Mawere responds to Gono on indigenisation

http://nehandaradio.com/

on May 16, 2013 at 1:16 pm

By Mutumwa Mawere

In 1980, President Robert Mugabe was alive to the link between national 
unity, peace and progress and his words at independence sought to provide a 
guide as to what was to be expected. As we look back, we are compelled to 
review the progress made during the last 33 years.

Mugabe said: “Let us rejoice over our independence and recognise in it the 
need to dedicate ourselves to national unity, peace and progress.”

It is ironic that the forthcoming elections will be fought on the basis of 
which party can deliver the promise of shared prosperity when in 1980 this 
was the primary objective.

Notwithstanding, debate on indigenisation still rages on, but the divergent 
views on how best to approach the financial sector exposes the glaring lack 
of leadership on this key and fundamental public policy issue.

Reserve Bank of Zimbabwe (RBZ) governor Gideon Gono has expressed 
unhappiness about what he describes as the “one-size-fits-all” approach to 
indigenisation and economic empowerment.

In an article entitled ‘Reckless indigenisation disruptive to economy’, Gono 
seeks to advance his position that the approach to indigenisation that has 
so far been pursued by Indigenisation Minister Saviour Kasukuwere is 
reckless and disruptive to the economy.

Gono has a record that speaks volumes about what he believes in and it is 
important that the opportunity that he has opened by joining the battle of 
ideas on what matters to the future of Zimbabwe is taken advantage of.

Gono makes the point that he has some valuable experiences that inform his 
worldview why the financial sector ought to be treated with caution and why 
Kasukuwere’s “one-size-fits-all” approach to indigenisation of the financial 
sector is considered by him to be inappropriate, disruptive and dangerous.

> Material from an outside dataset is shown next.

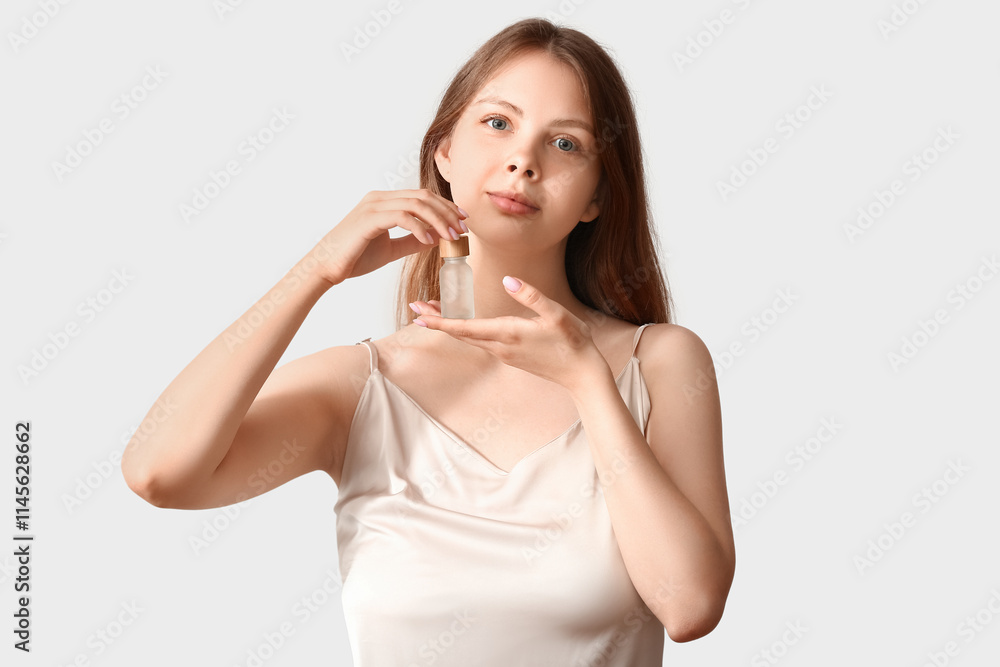 Pretty young woman with cosmetic oil on light background Pretty young woman with cosmetic oil on light background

It is significant that Kasukuwere is a member of Mugabe’s Cabinet and 
although Gono and he were both appointed by Mugabe, it would appear that 
Gono’s statement above, if taken to its logical conclusion, would seem to 
suggest that it is aimed at Mugabe who has failed to rein in Kasukuwere.

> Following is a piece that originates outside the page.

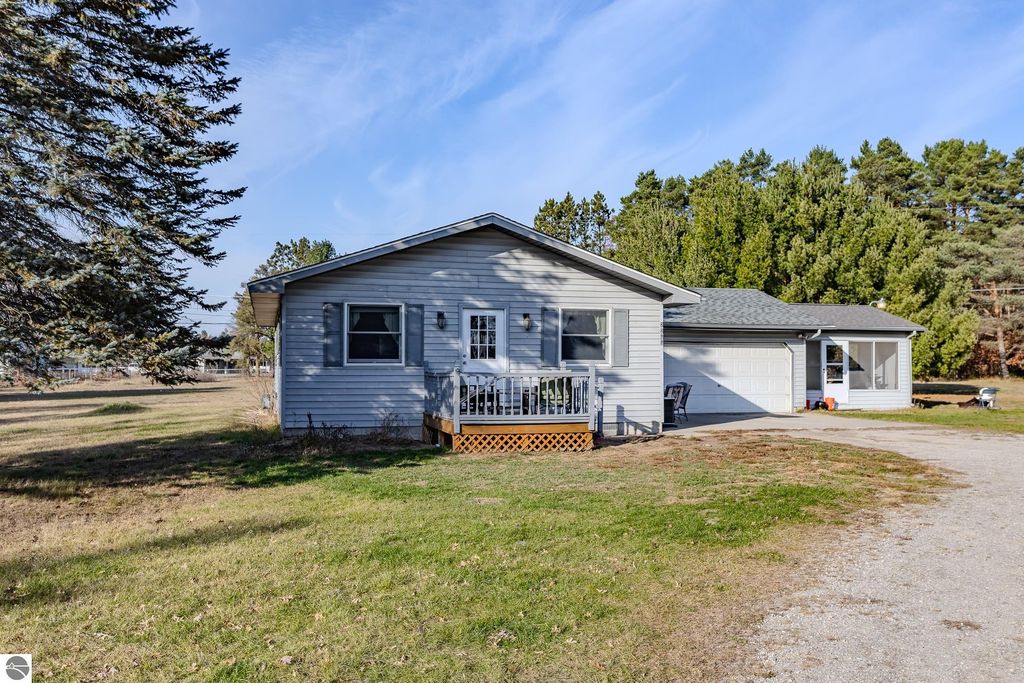 Single-family home at 2265 Michigan Avenue, Prescott, MI, featuring a front porch, attached 2-car garage, and surrounded by trees on a spacious 3-acre lot.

Although Mugabe to whom the attack by Gono seems to be aimed at, has not yet 
weighed in fully on his vision regarding the kind of reforms that need to be 
undertaken in the financial sector in order to advance the cause, what is 
now clear is that after 33 years in office, clarity on what needs to happen 
remains elusive at the top of the political chain.

Gono’s argument in support of indigenisation of a different kind in the 
financial sector is betrayed by an acceptance that the need for 
indigenisation is long-overdue and desirable.

If this is the starting point of his worldview, then it cannot be argued 
that there should be any “sacred cows” for doing so would easily permit 
confusion. Surely, if ownership is an important variable in asserting the 
inclusive agenda, then one cannot then advance the argument of sector 
exclusion.

One must accept that each enterprise is unique and, therefore, must be 
understood and if shareholding restructuring purely to address perceived 
historical commercial injuries is bad for the financial sector, it cannot be 
good, for instance, in the mining or any other sector.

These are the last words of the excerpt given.